TASK OBJECTIVE => Whatever appears in the records apart from pictures must be reproduced exactly.

Dataset entries:
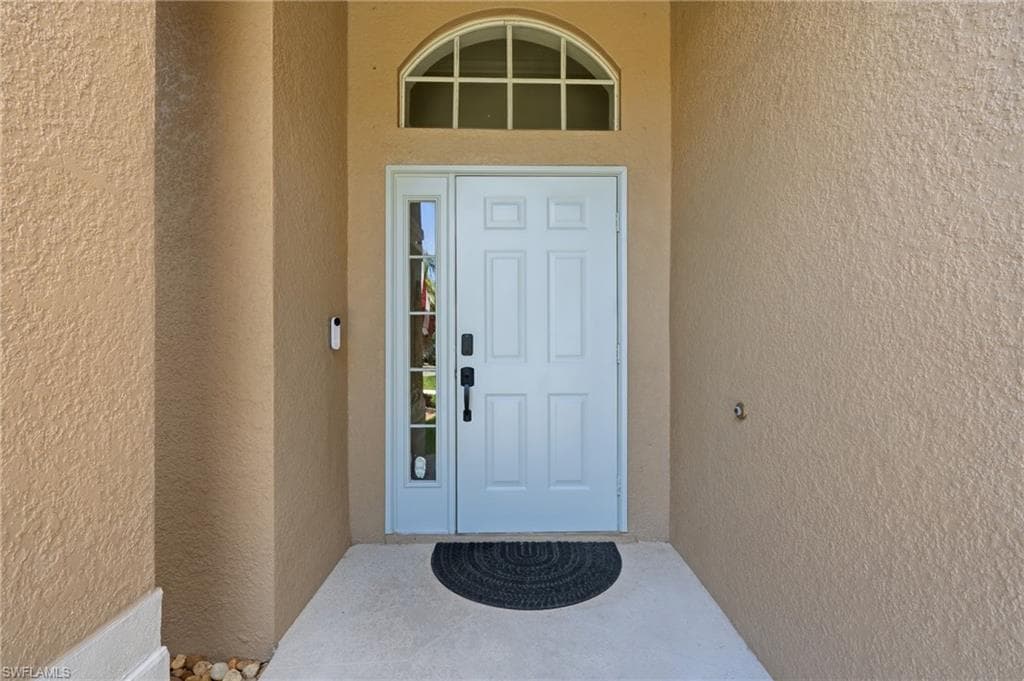 15081 Balmoral Loop, Fort Myers, photo 2
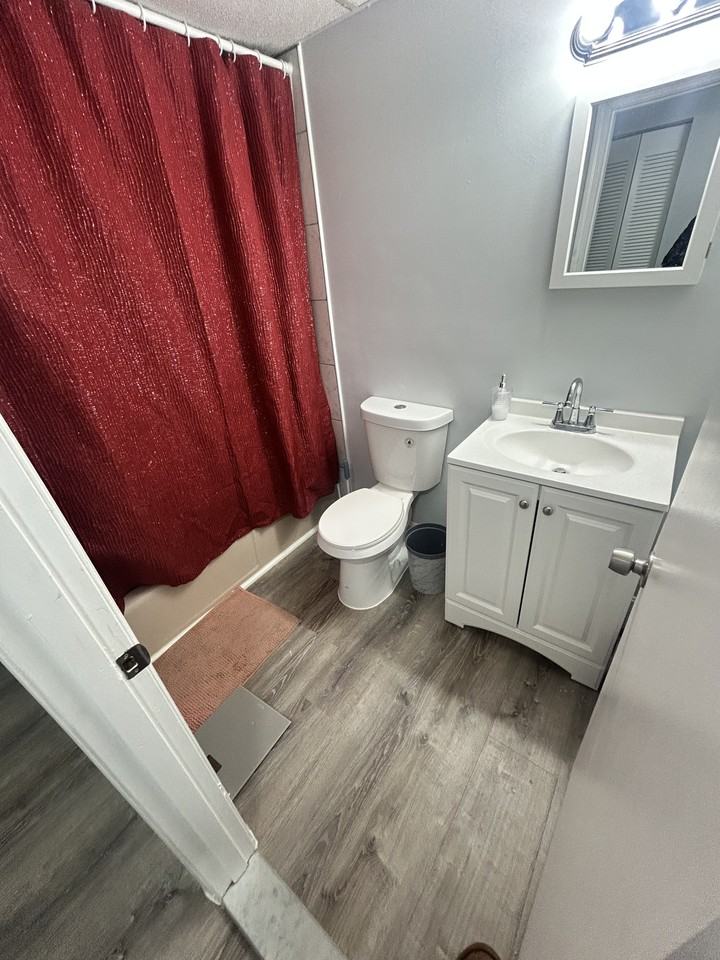 50 Pine St #13 - Photo 4 of 7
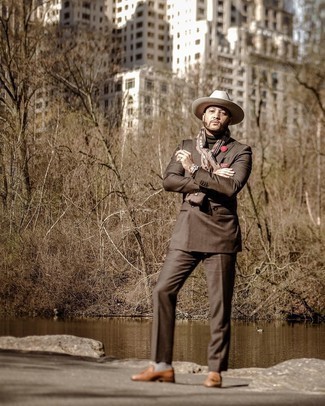 Какие костюмы носить с темно-бирюзовой водолазкой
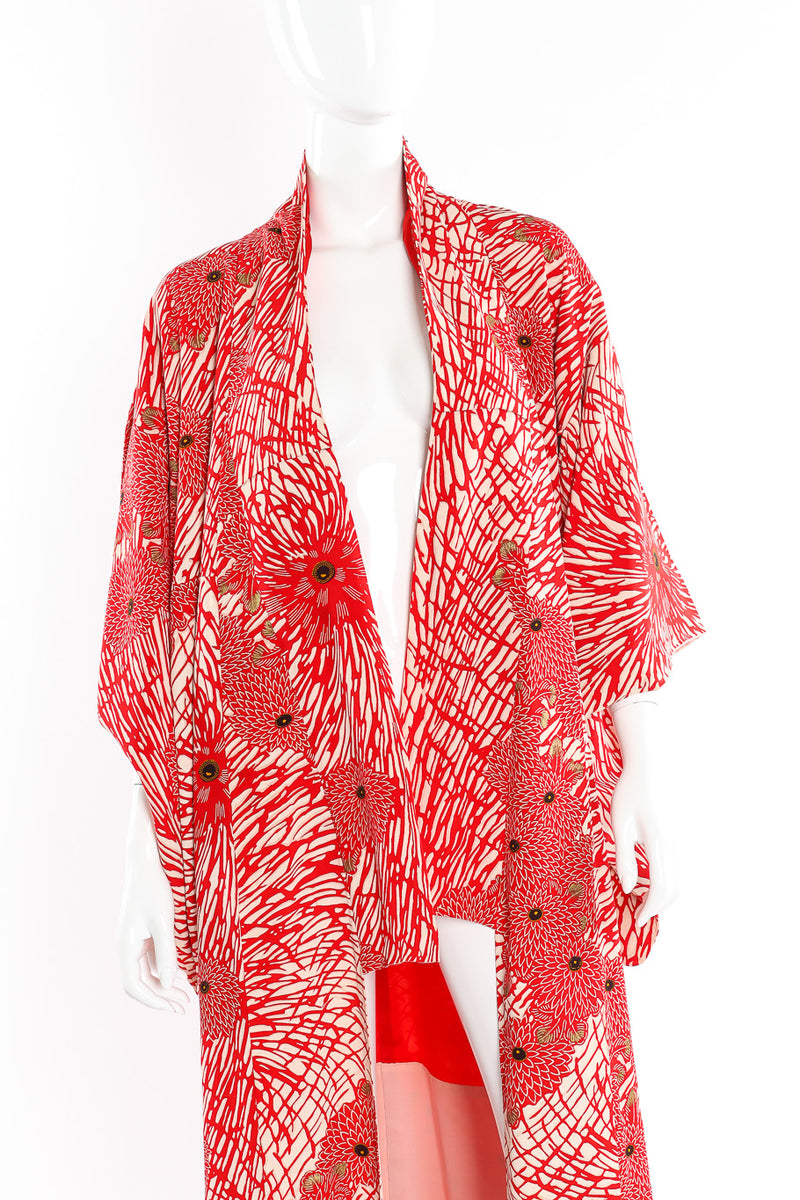 Red winter floral kimono mannequin close arms down @recessla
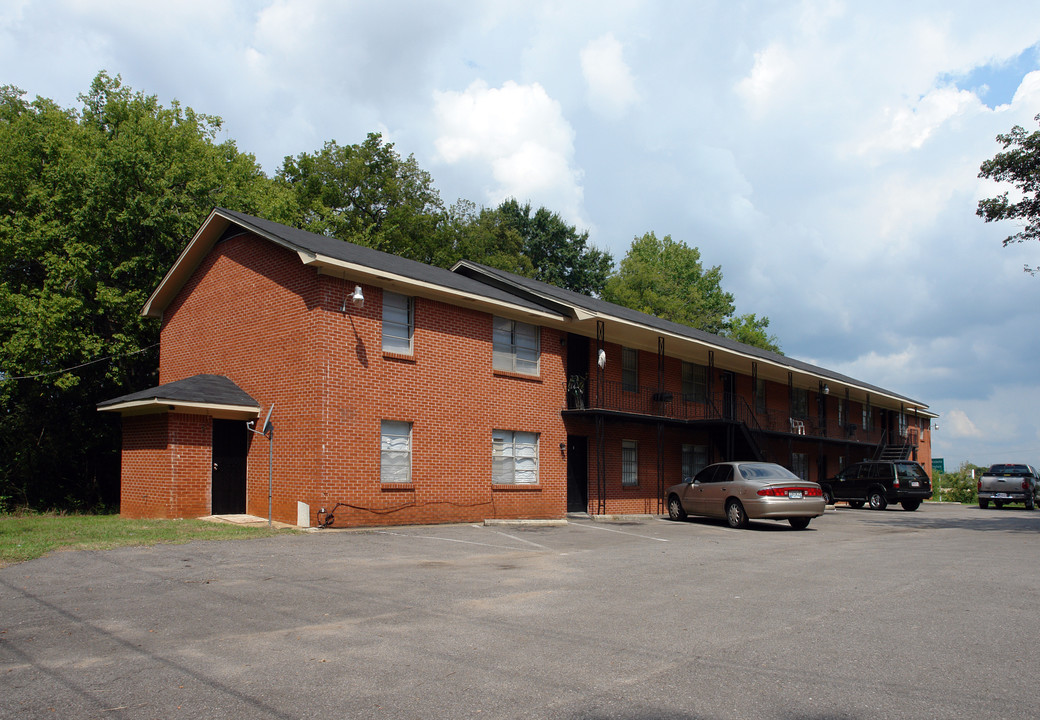 Green Springs Court in Birmingham, AL - Building Photo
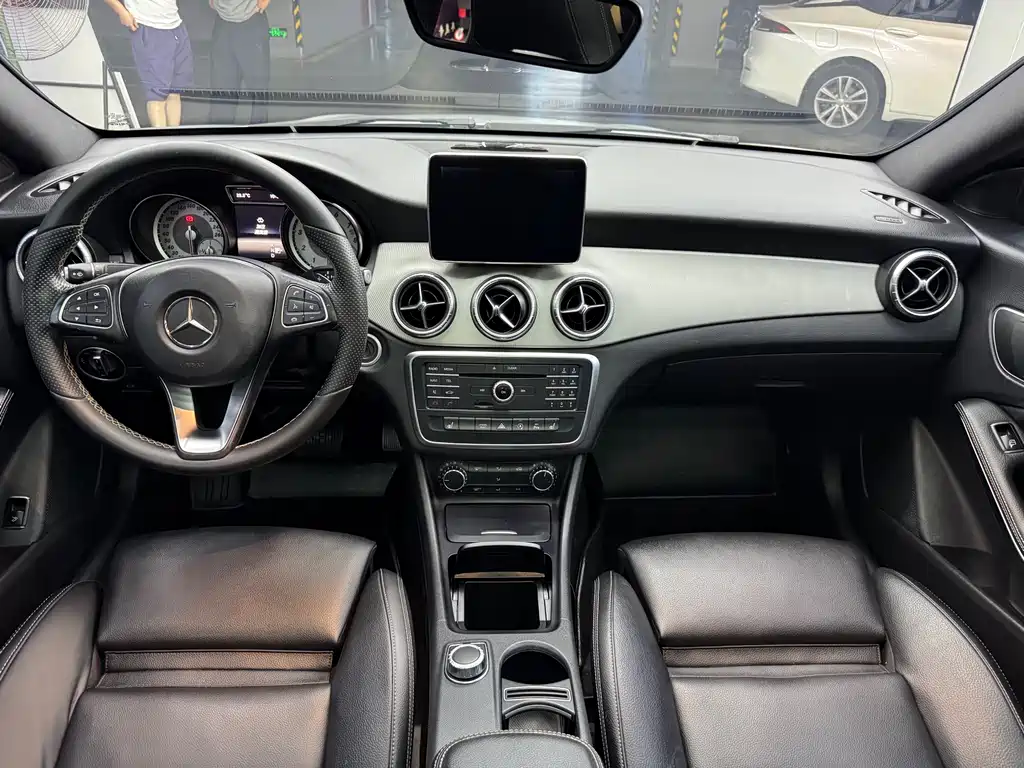 Mercedes-Benz CLA 2016 CLA 200 Fashion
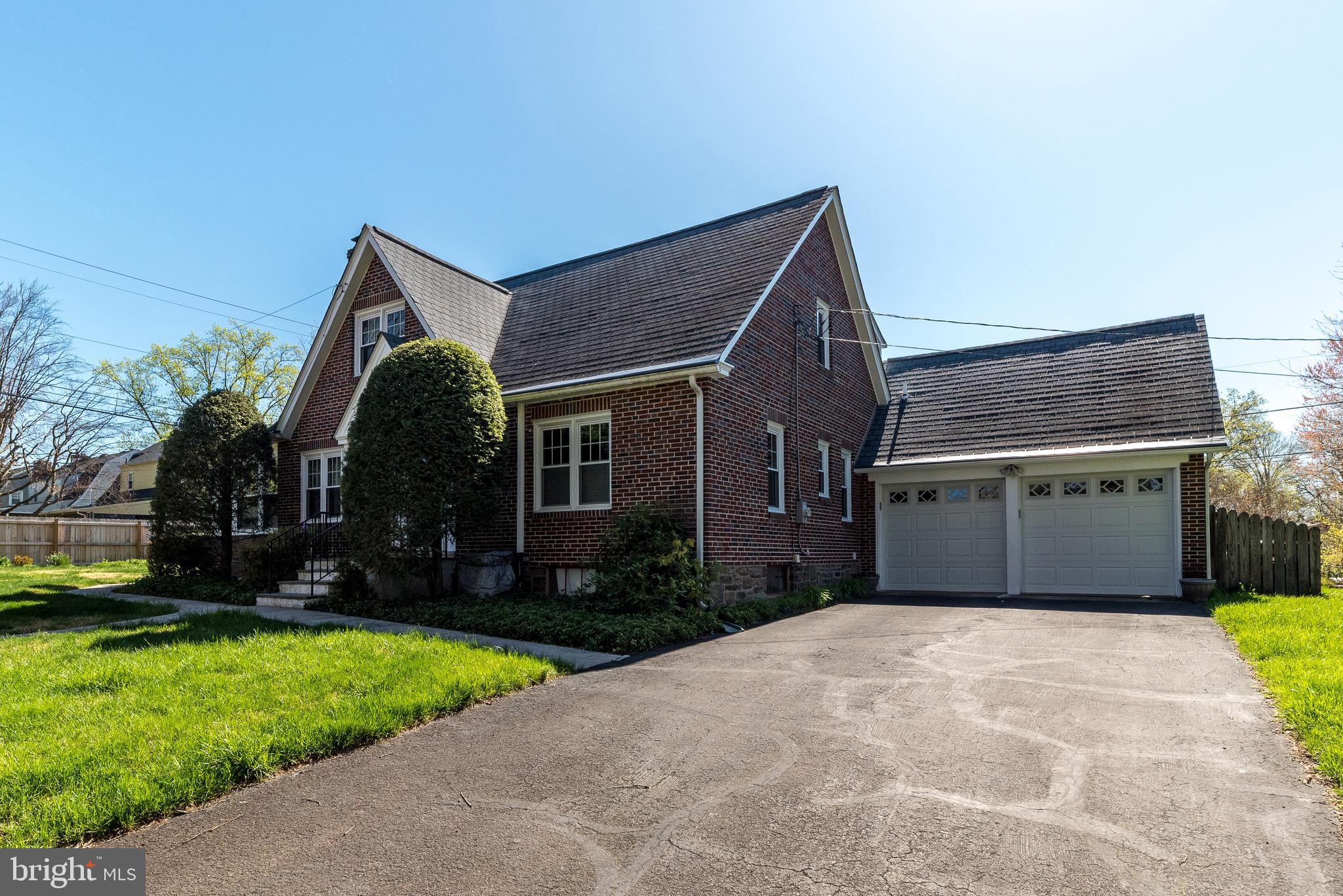 701 Stoler Ave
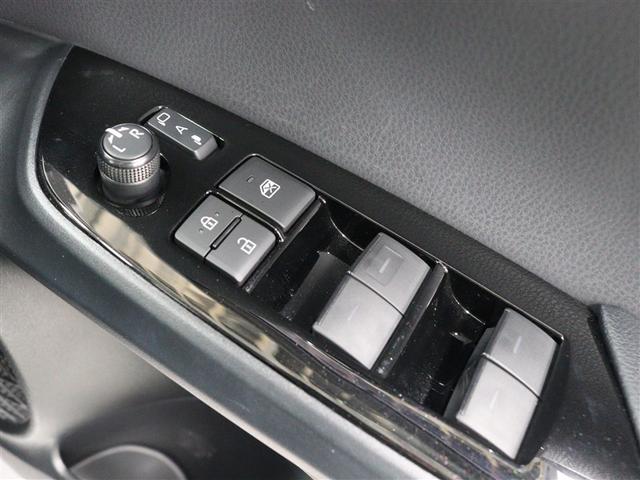 プリウス Ｓ　メモリーナビ　バックカメラ　衝突被害軽減システム　ＥＴＣ　ＬＥＤヘッドランプ　アイドリングストップ（32枚目）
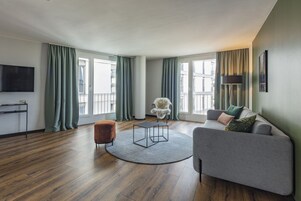 家庭公寓 (BlackF XL) | 起居区 | 43-英寸智能电视（配备卫星频道）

SOLUTION TO THE EXERCISE =>
 15081 Balmoral Loop, Fort Myers, photo 2
 50 Pine St #13 - Photo 4 of 7
 Какие костюмы носить с темно-бирюзовой водолазкой
 Red winter floral kimono mannequin close arms down @recessla
 Green Springs Court in Birmingham, AL - Building Photo
 Mercedes-Benz CLA 2016 CLA 200 Fashion
 701 Stoler Ave
 プリウス Ｓ　メモリーナビ　バックカメラ　衝突被害軽減システム　ＥＴＣ　ＬＥＤヘッドランプ　アイドリングストップ（32枚目）
 家庭公寓 (BlackF XL) | 起居区 | 43-英寸智能电视（配备卫星频道）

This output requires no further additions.